A questo rumorismo musicale, il Futurismo ne affiancò uno prettamente vocale, basato sull’arte della declamazione, tra i cui esponenti di spicco, oltre a Marinetti, troviamo Fortunato Depero, inventore dell’onomalingua, linguaggio grafico-sonoro ritmato da onomatopee, come in Campanelli (1916), una delle tavole presenti in mostra.

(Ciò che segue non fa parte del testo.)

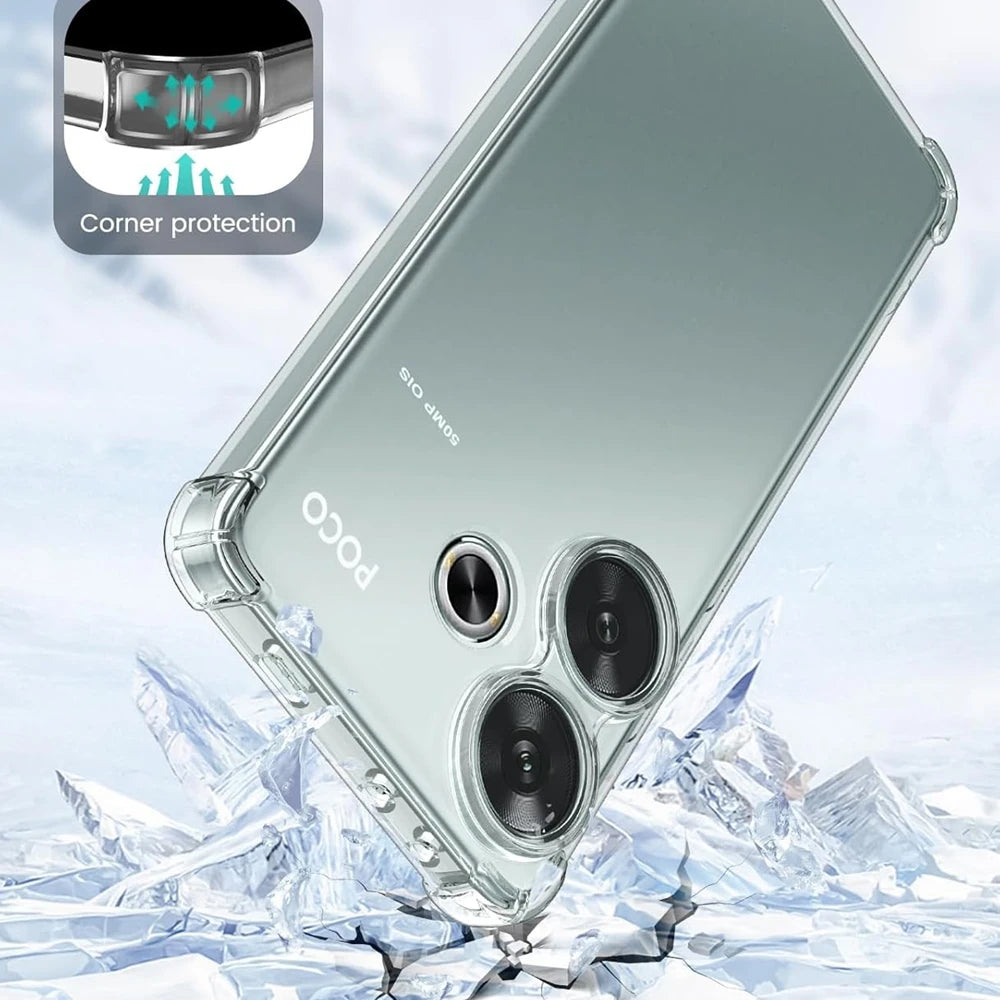 Stoßfeste TPU-Hülle für Xiaomi Poco F6 F5 X7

Da questi due focolai rumoristi si svilupparono nel secondo Novecento due diverse linee di tendenza documentate nel percorso: l’Arte dei rumori di Russolo generò la musica concreta prima ed elettronica poi; il rumorismo vocale sviluppò invece, a partire dagli anni Quaranta, la Poesia sonora. Parallelamente, altri futuristi, come Francesco Cangiullo, proposero una giocosa effrazione dello spartito musicale, ben evidente in edizioni come Caffeconcerto. Alfabeto a sorpresa (1919) e Poesia pentagrammata (1923).

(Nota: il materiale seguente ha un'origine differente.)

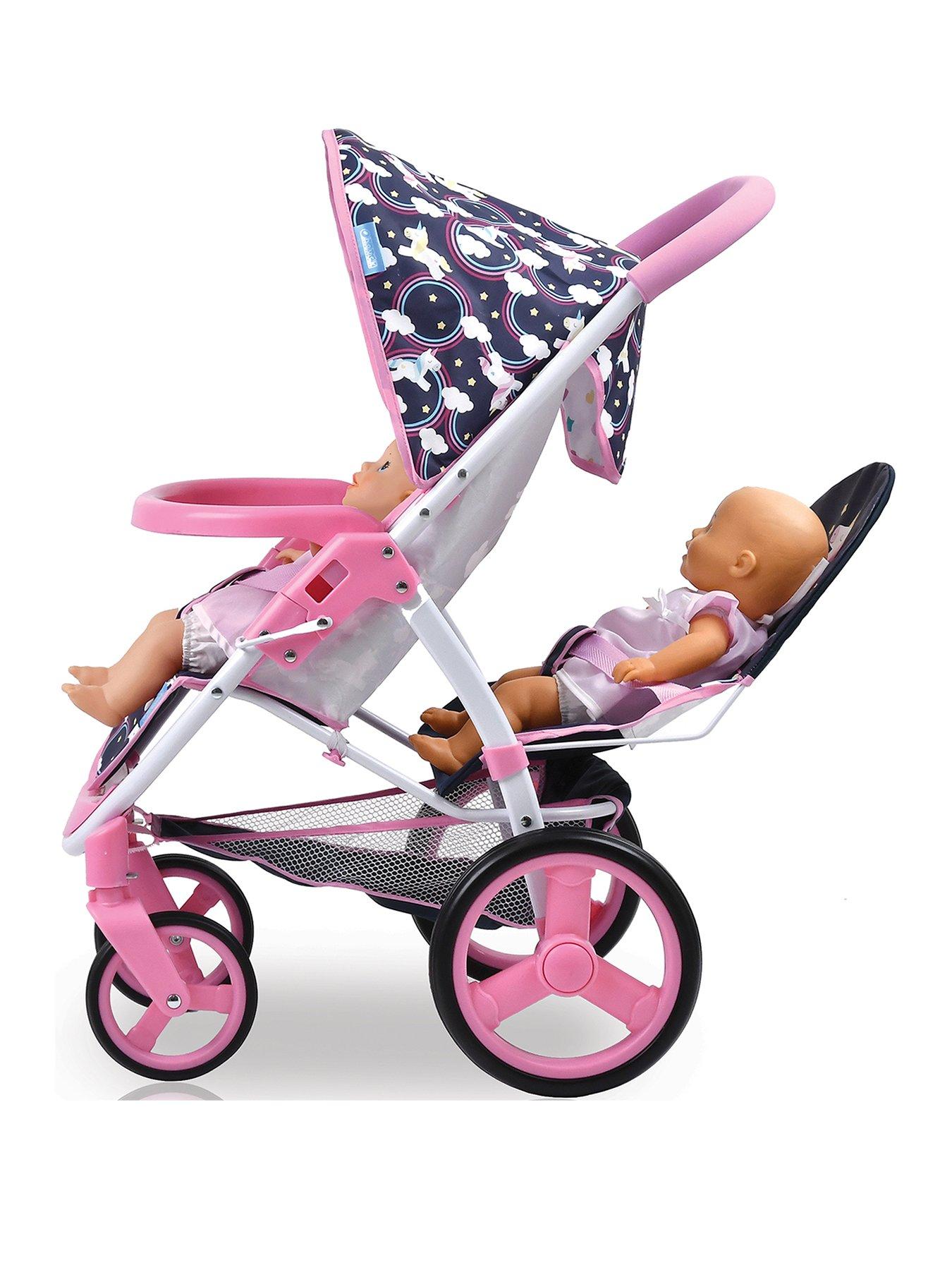 hauck unicorn malibu doll twin stroller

Procedendo su tali direttive, il percorso affianca opere d’arte, video, edizioni d’artista, documenti, manifesti, oggetti e tracce sonore.

Luigi Russolo, Intonarumori - Gracidatore (1914)

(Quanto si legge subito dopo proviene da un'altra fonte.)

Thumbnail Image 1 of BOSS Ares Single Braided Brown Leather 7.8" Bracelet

Per quanto riguarda il primo Novecento, accanto agli intonarumori, a fotografie, ai manifesti futuristi e a varie tracce sonore, si segnalano due acquarelli di Kandinskij legati alla musicalità e al ritmo, temi al centro anche di una complessa opera di Luigi Veronesi di oltre 5 metri di lunghezza dedicata a Karlheinz Stockhausen, uno dei padri della musica elettronica.

Anche le sperimentazioni del secondo Novecento affiancano opere talvolta complesse a fonti documentarie: così, accanto agli otto quadri che compongono Musica madre di Giuseppe Chiari (1972), troviamo una gustosa ricetta di questo musicista sperimentale (autore tra le altre cose di Metodo teorico e pratico per suonare rompendo, 1961) per eseguire un brano d’avanguardia: Eseguire un’opera sinfonica di autore noto. Non eseguire l’ultima nota.

Oppure, accanto a fotografie e vinili di John Cage, ecco un trittico di manifesti in omaggio al suo brano forse più emblematico, 4’33’’ (...di silenzio, n.d.r.), realizzato da Leonardo Sonnoli, uno dei massimi graphic designer italiani. A proposito di manifesti: ve n’è una serie che rimanda a musicisti e gruppi leggendari del rock, come i Doors, Jimi Hendrix e Janis Joplin, a evidenziare l’utilizzo del rumore anche all’interno della musica cosiddetta incolta.

L’armonia, dunque, fatta a pezzi, come nell’opera Steinway del trentino Jacopo Mazzonelli, ove la sagoma di un pianoforte risulta composta da lettere metalliche che richiamano quelle utilizzate per le lapidi funebri, metafora della morte della classicità musicale; oppure negli spartiti reinventati in chiave verbovisuale da Annalisa Aloatti, Tomas Rajlich o Luciano Ori, dove sul pentagramma troviamo note rovesciate, frammenti di altri spartiti oppure elementi vegetali, come alberi e arbusti.

Infine - quasi una mostra nella mostra - una sorta di Wunderkammer presenta bizzarri supporti musicali di gruppi rumoristi, alcuni con diretti riferimenti al futurismo musicale.

Tra le varie amenità, segnaliamo un vinile esagonale, uno dal profilo seghettato e uno del gruppo noise The Haters, da graffiare prima dell’ascolto, in modo da poter riprodurre sul giradischi il rumore causato da tale efferata azione.